Collected data entries:
══════════

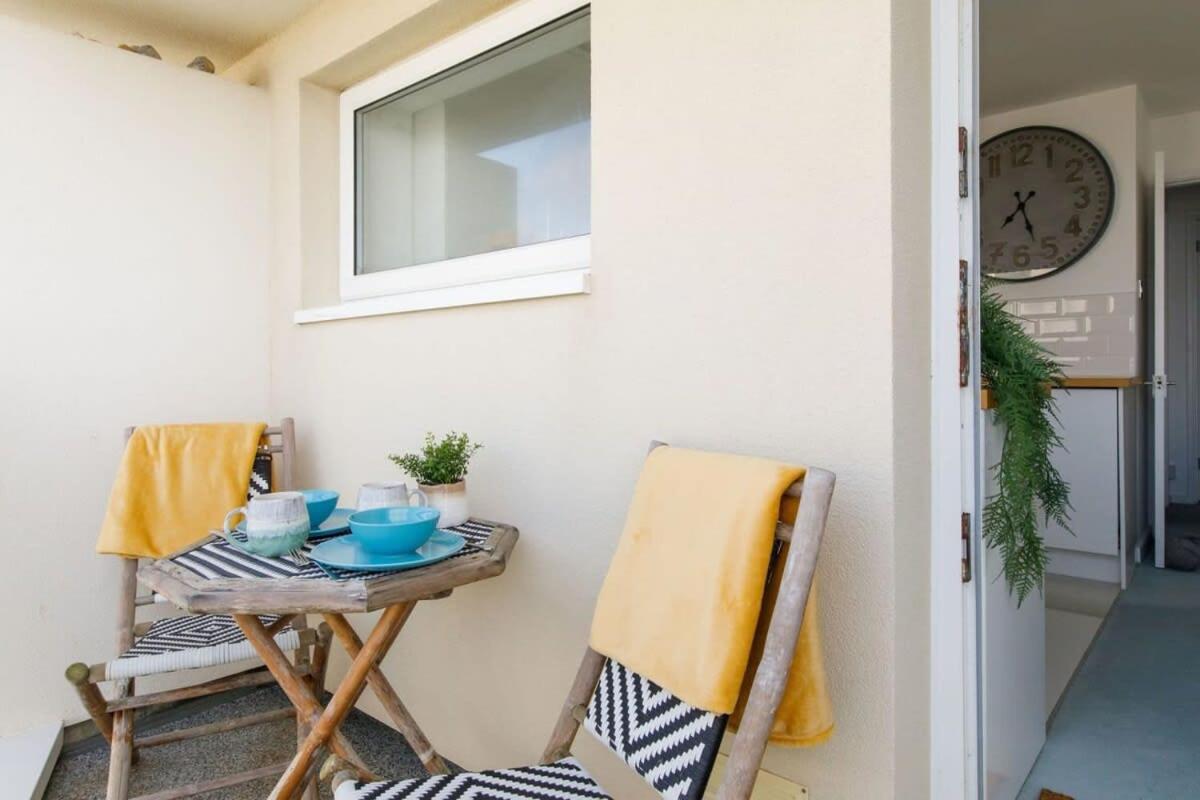 Ferienwohnung Two Bed Seafront Escape In East Wittering Exterior foto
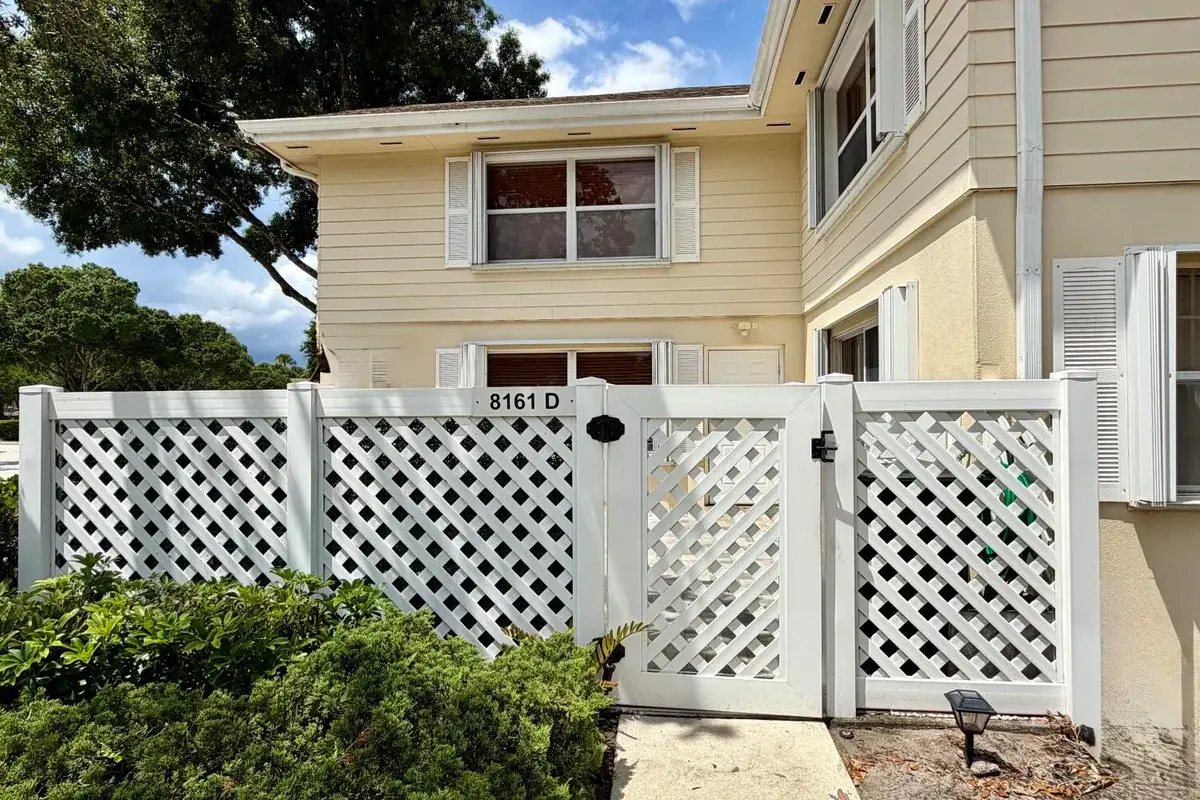 8161 Andover Ct #61d, Lake Clarke Shores: photo 1 of 21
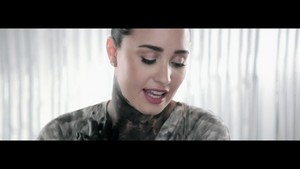  Demi Lovato - 심장 Attack {Music Video}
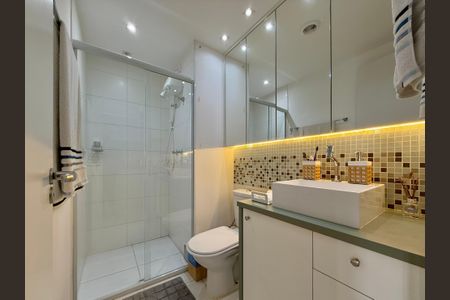 Studio para alugar com 27m², 0 quarto e sem vaga Studio para alugar com 27m², 0 quarto e sem vagaBanheiro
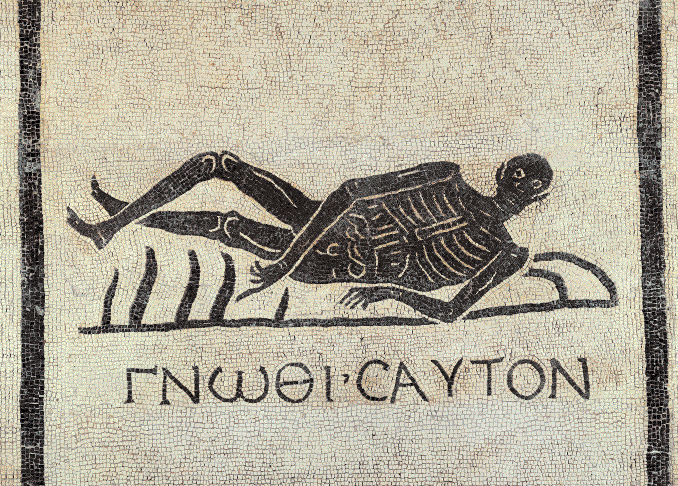 Погребальная мозаика
С древнейших времен в римской иконографии черный цвет, ассоциирующийся с черепом или скелетом, прочно утвердился как символ смерти, и эта связь сохраняется до наших дней.
Познай самого себя. Погребальная мозаика найдена на Аппиевой дороге (Сан-Грегория), начало III века. Museo Nazionale delleTerme, Рим.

══════════

• **Assignment**
Print verbatim every line above, apart from the pictures.

• **Task answer**
 Ferienwohnung Two Bed Seafront Escape In East Wittering Exterior foto
 8161 Andover Ct #61d, Lake Clarke Shores: photo 1 of 21
  Demi Lovato - 심장 Attack {Music Video}
 Studio para alugar com 27m², 0 quarto e sem vaga Studio para alugar com 27m², 0 quarto e sem vagaBanheiro
 Погребальная мозаика
С древнейших времен в римской иконографии черный цвет, ассоциирующийся с черепом или скелетом, прочно утвердился как символ смерти, и эта связь сохраняется до наших дней.
Познай самого себя. Погребальная мозаика найдена на Аппиевой дороге (Сан-Грегория), начало III века. Museo Nazionale delleTerme, Рим.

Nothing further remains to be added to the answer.